Europa

Janne Andersson encerrou ciclo na Suécia que começou promissor e terminou melancólico

A uma vitória da semifinal da Copa do Mundo em 2018, o trabalho de Andersson se desintegrou nos últimos dois anos

Janne Andersson chorou antes do apito inicial. Era a primeira vez que os seus netos estavam no estádio, segunda a esposa Ulrika Andersson. E a vitória contra a Estônia no último domingo era a última vez que ele seria o comandante da seleção sueca, depois de sete anos, quase 100 partidas e um trabalho que terminou de maneira melancólica, embora tenha tido alguns bons momentos.

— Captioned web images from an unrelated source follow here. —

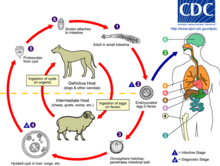 Echinococcus Life Cycle 2.png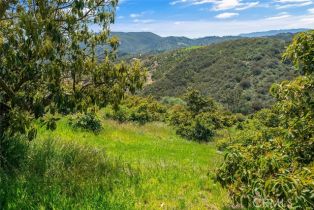 , 48825 Via Vaquero, Temecula, CA 92590 - 29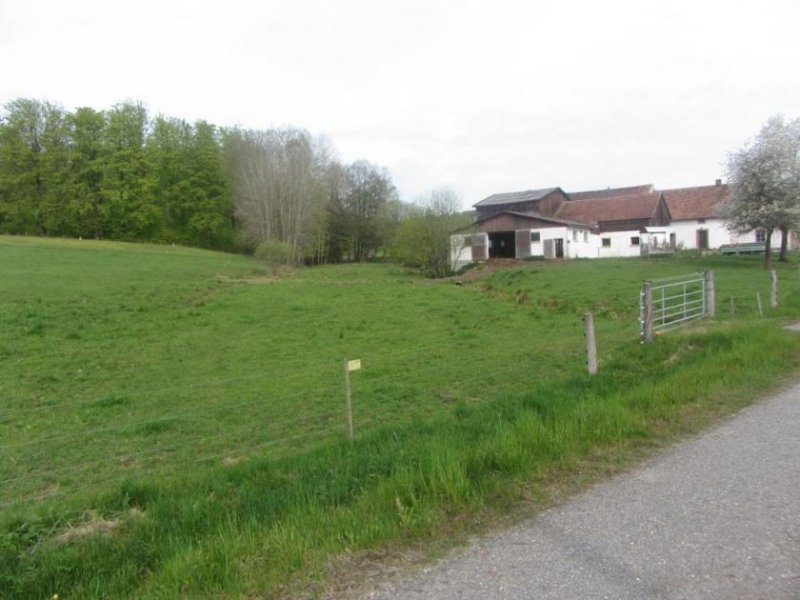 Pressath Landwirtschaftliche Fläche Naturpark Hessenreuther Wald Grundstück kaufen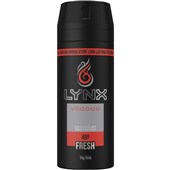 LYNX DEODORANT VOODOO 150ML X6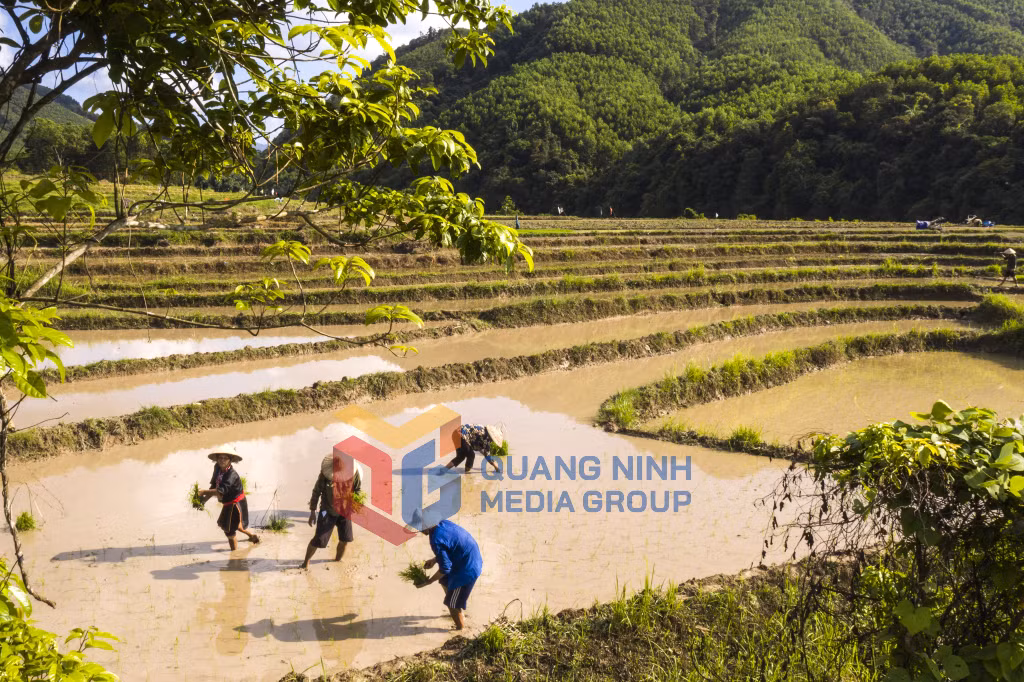 Mùa cấy (7-2022). Ảnh: Khánh Giang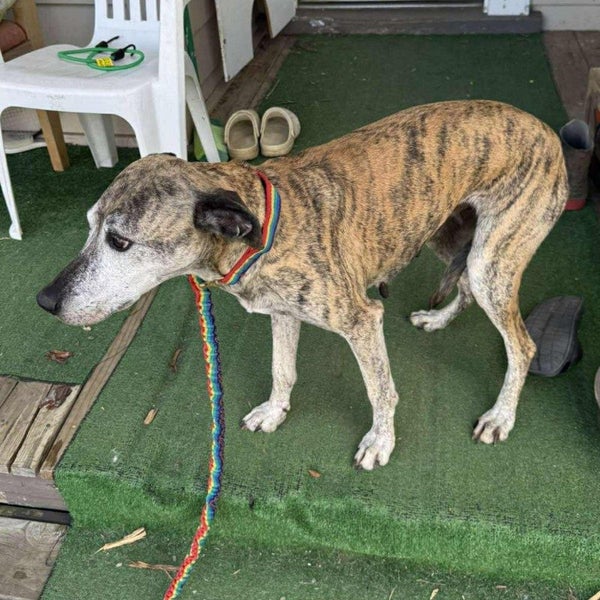Macey - Greyhound X - BOI Animal Rescue Trust Carousel 2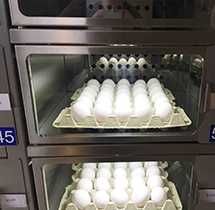 Automat Tonomat Vendomat vanzare oua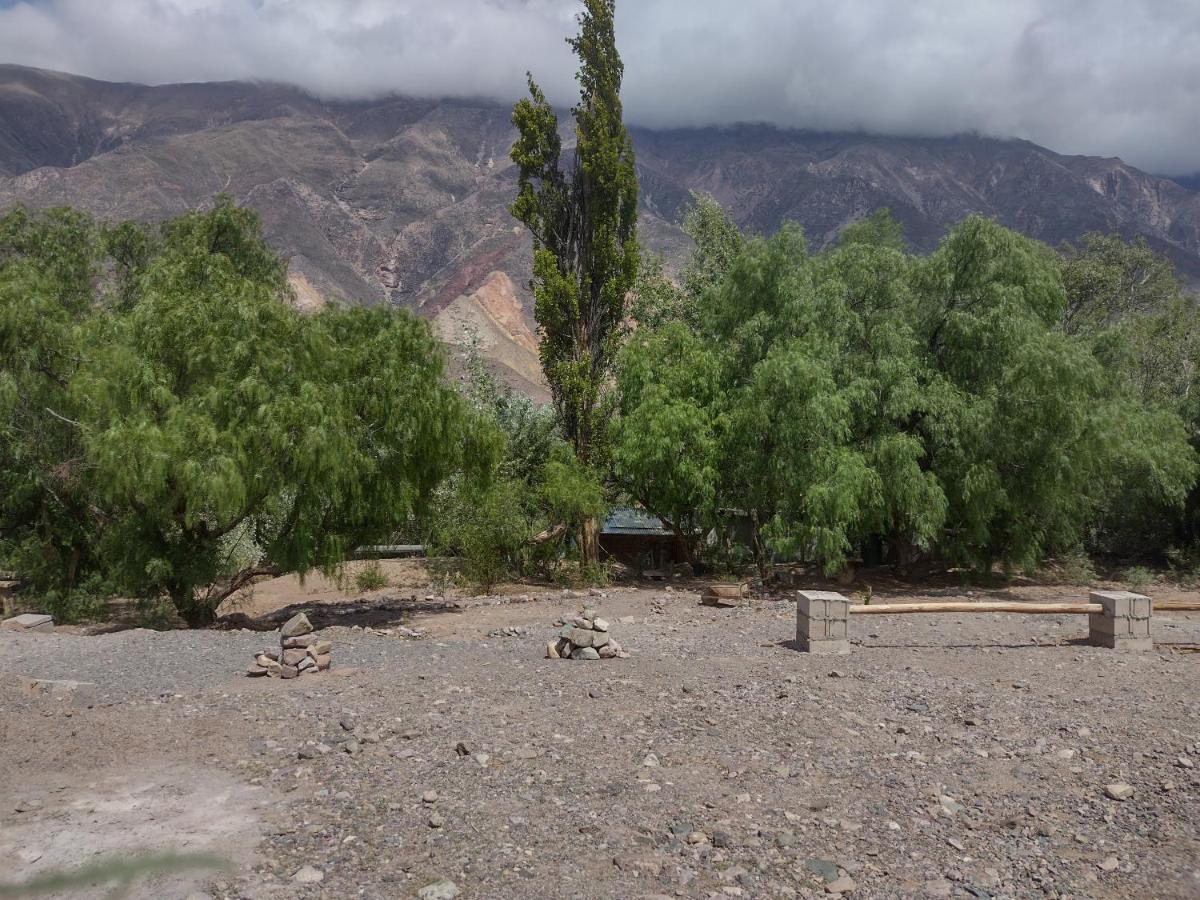 Dormir Con Llamas Maimará Zewnętrze zdjęcie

A Federação Sueca havia confirmado no começo de outubro que Andersson deixaria o cargo que ocupava desde 2016 se não conseguisse classificação à Eurocopa. Foi basicamente o anúncio da sua saída porque a vaga ainda era possível, mas muito improvável. Precisava ganhar os últimos três jogos e torcer para a Áustria perder de Bélgica, Azerbaijão e Estônia. Nenhuma das duas coisas aconteceu.

Andersson falou em tom de despedida antes das partidas de novembro.

– O sentimento é especial, como antes do primeiro. Tivemos 92 jogos (agora 94). É muito tempo. Eu disse ao (auxiliar técnico) Peter (wettergren) que ficamos muito tempo na escola. Digamos que começamos na primeira série em 2016 e agora estamos na oitava série. É um pouco triste e melancólico quando você vai embora. Mas essa última reunião será divertida – disse.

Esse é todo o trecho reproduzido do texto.